As has been mentioned in recent posts on this blog, since my father passed away last fall I have been working my way through the lifetime of possessions he and my mother accumulated over the years.

Many of the larger pieces have been consigned to two auction houses: Stair Galleries in Hudson, New York, which specializes in high-end pieces, and Hyde Park Country Auctions, in Hyde Park (the FDR Hyde Park, south of Rhinebeck, not the Long Island Hyde Park, or, for that matter, the London one), which will be handling the more quotidian items when their new facility opens in September. Both allow internet bidding.

Many of Sam and Grayson’s larger pieces will be featured in Stair’s “Fine” auction on June 27, 2015. But two items have been slotted into their “Modern” sale on Saturday, June 6th ( One, listed as Lot 819, is the brass, steel and glass desk at which Sam wrote daily on the second floor of Wildercliff for many years. It was sold to him by its designer, the noted John Vesey. It’s a gorgeous piece of furniture. The estimate is $1500-$2500, though Veseys have occasionally been known to go higher than that. The second piece, lot 779, is a lovely, graceful and beautifully crafted blonde wood stool, in an elegant and perplexing design.
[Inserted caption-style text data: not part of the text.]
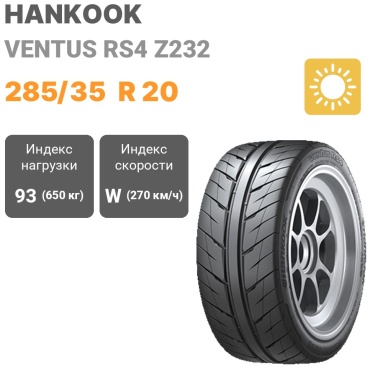 Hankook Ventus RS4 Z232 285/35 R20 93 W без шипов
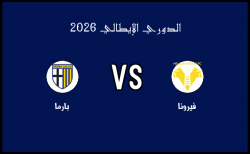 نتيجة وأهداف مباراة بارما وفيرونا في الدوري الإيطالي اليوم 15-02-2025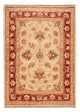 Ziegler Rug 70x50cm - Oriental Rug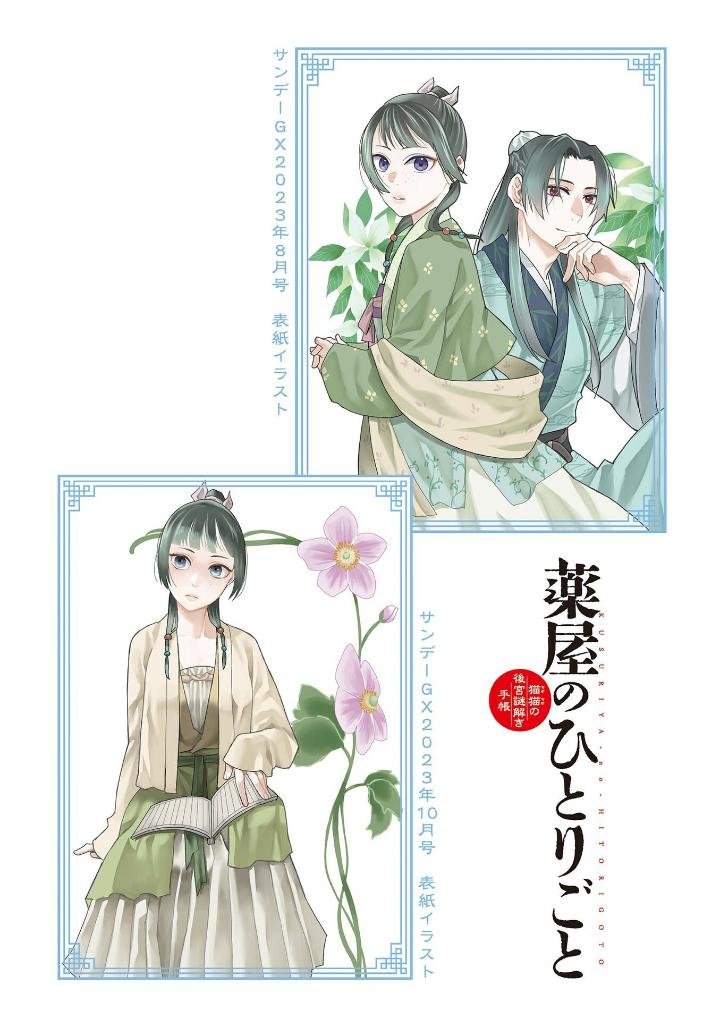 薬屋のひとりごと~猫猫の後宮謎解き手帳~ 18 - kusuriya no hitorigoto - maomao no koukyuu nazotoki techou 18 - Ảnh 6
And it actually comes with one of my favorite Sam Hall stories.


Screen Shot 2015-05-29 at 3.35.58 AM

Sam would often be asked to open Wildercliff for charity events. Every year, Hudson Heritage, a local land preservation group, would organize a fundraiser by enlisting a group of owners of large Hudson Valley homes to open their houses to the paying public for one day. Sam always supported their work, and usually said yes. People would pay money to be carted from large house to large house and oooh and aaah at the view, the furnishings, the weird colors we favored, and the rest of it. Docents were positioned on every floor to explain things and keep an eye out for thieves.

Sam would be fresh-eyed and set to charm, pug on arm, when the first bus pulled up in the morning. By the end of the day, having put up through bus after bus of people wandering through his life (and often making quite inelegant and misinformed statements about it), he had always had enough. The charm would wear off, the pug would be let down to bark at whomever she pleased, wine would be poured for himself and maybe me if I was around, and he would give in to the mildly evil side of his nature, and begin to interact with these earnest tourists in whatever way amused him.
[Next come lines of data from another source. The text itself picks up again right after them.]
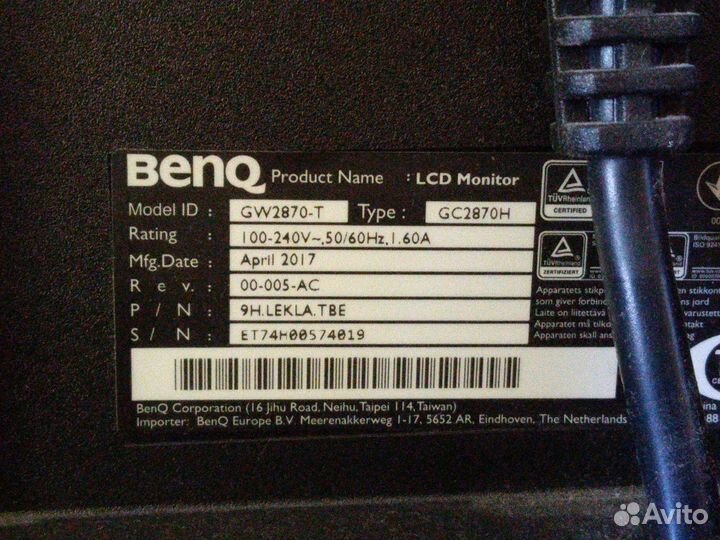 Монитор BenQ GW2870-T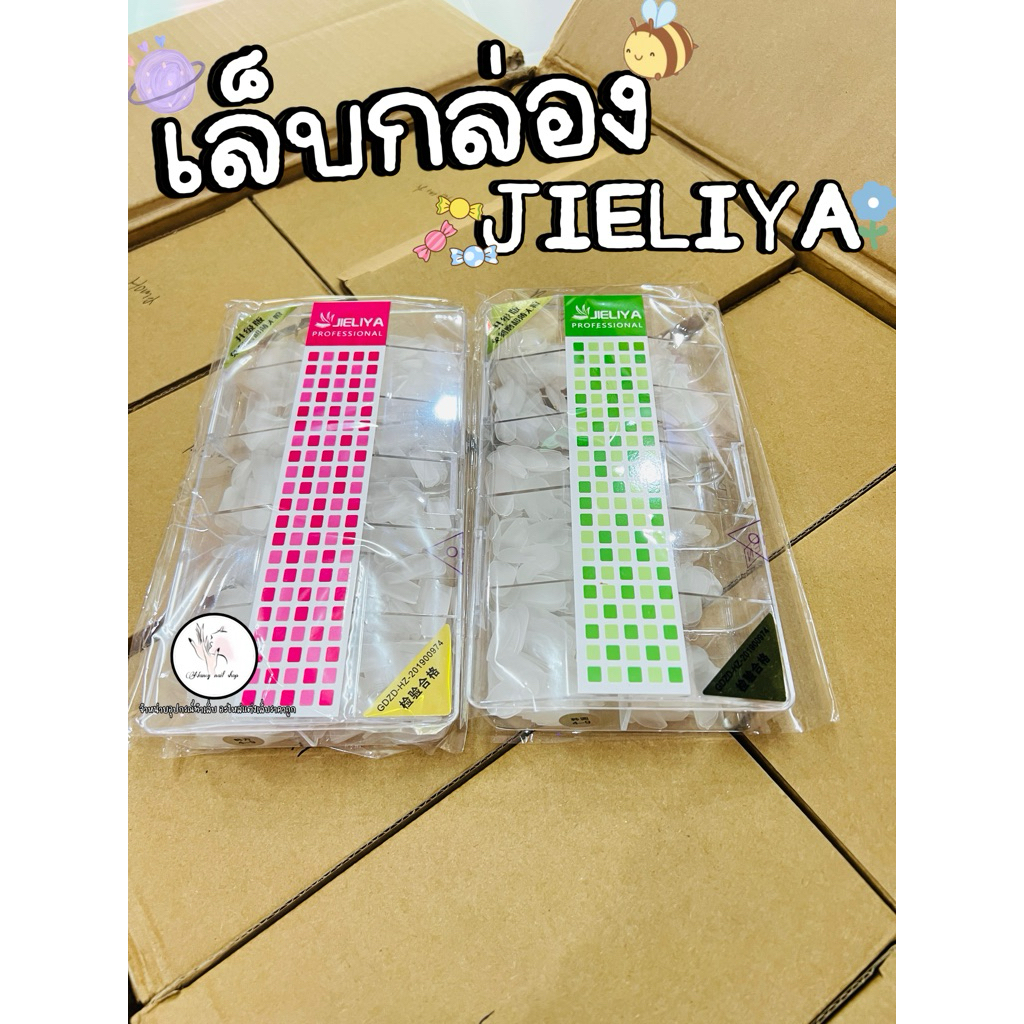 เล็บปลอมกล่องรวมเบอร์ แยกเบอร์ Jieliya 500ชิ้น 💅💅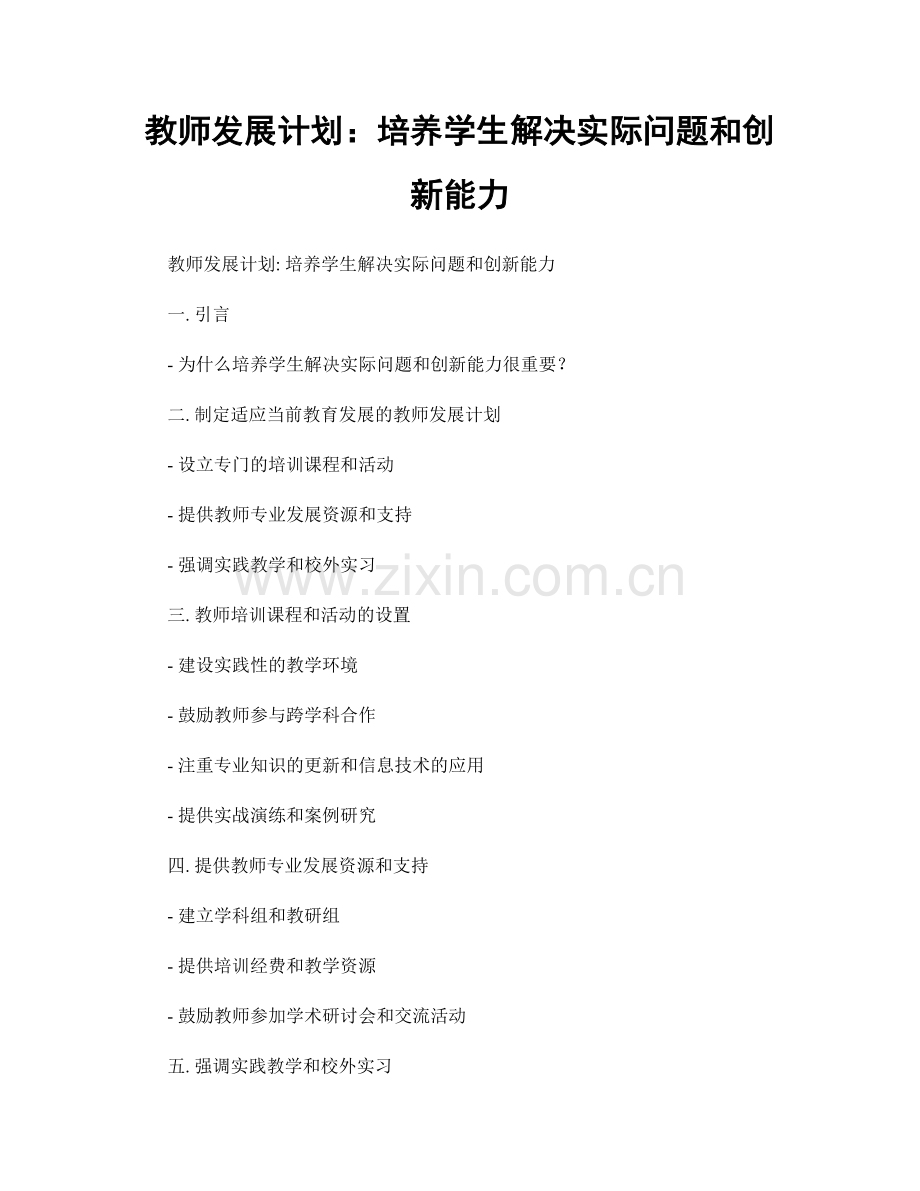 教师发展计划：培养学生解决实际问题和创新能力.docx_第1页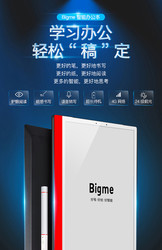 Bigme智能办公本-科技众筹-京东众筹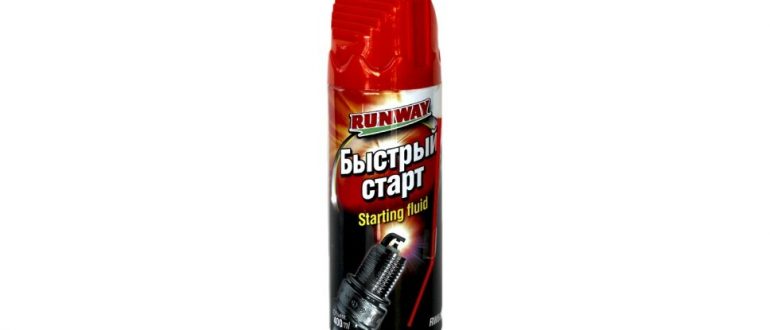 «Быстрый старт». Зимняя жидкость для запуска двигателя. Аэрозольный эфир для запуска двигателя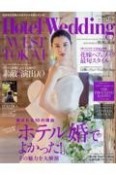 Hotel　Wedding　WEST　＆　TOKAI（15）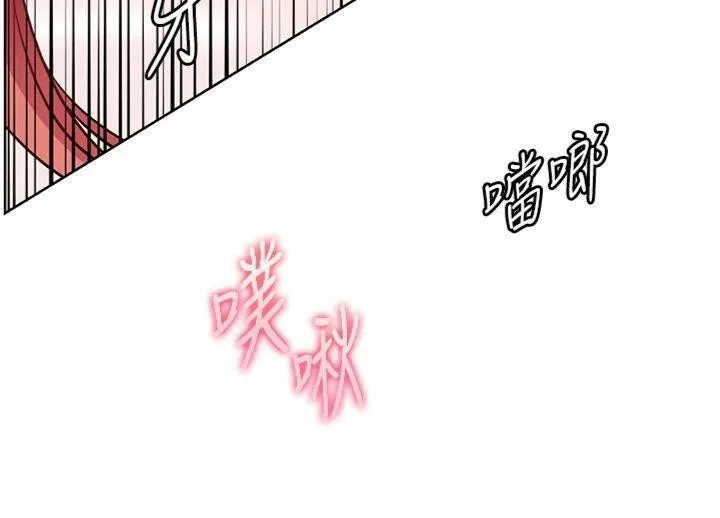 老师的亲密指导 第85話-互看自慰回血大作戰 第118页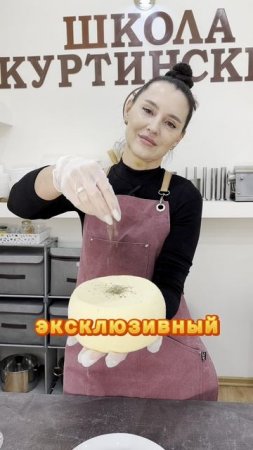Школа сыроделия. Технология Ремокта!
So: long day, orange early-evening light slanting through the windows on the second floor, and there are a pair of biddies in his bedroom, and they are asking him about every little thing. They ask about his preposterously long bed (“I was going to get a St Bernard, but it didn’t work out,” was his usual response—entirely untrue, of course; from my birth forward, Sam’s dogs had always been pugs). They considered the painted white paisley patterns on the floor, and declared them “interesting.” He didn’t bother to point out the fake shafts of sunlight carefully dappled in; he’d been saying it all day and he wanted his house—his life— back from these interlopers. He wanted them to leave. And then their eyes fell on the wooden butterfly chair in the corner. “What’s that?” one of them asked. Something broke inside Sam, some last piece of decency and decorum. “That,” he said, his wit dry as a carefully sharpened sword, “is my Japanese cocksucking stool.”

It worked. The biddies hustled back down the stairs and were out of the house in two minutes. Later, when he told me I roared with laughter, as did everyone else he told, and it made it into his repertoire of dependably funny stories. But when he first told me, after I stopped laughing, he asked if he had been too mean, too bizarre, making up a thing like that just to get the day over.

No, I assured him, he had been precisely mean enough.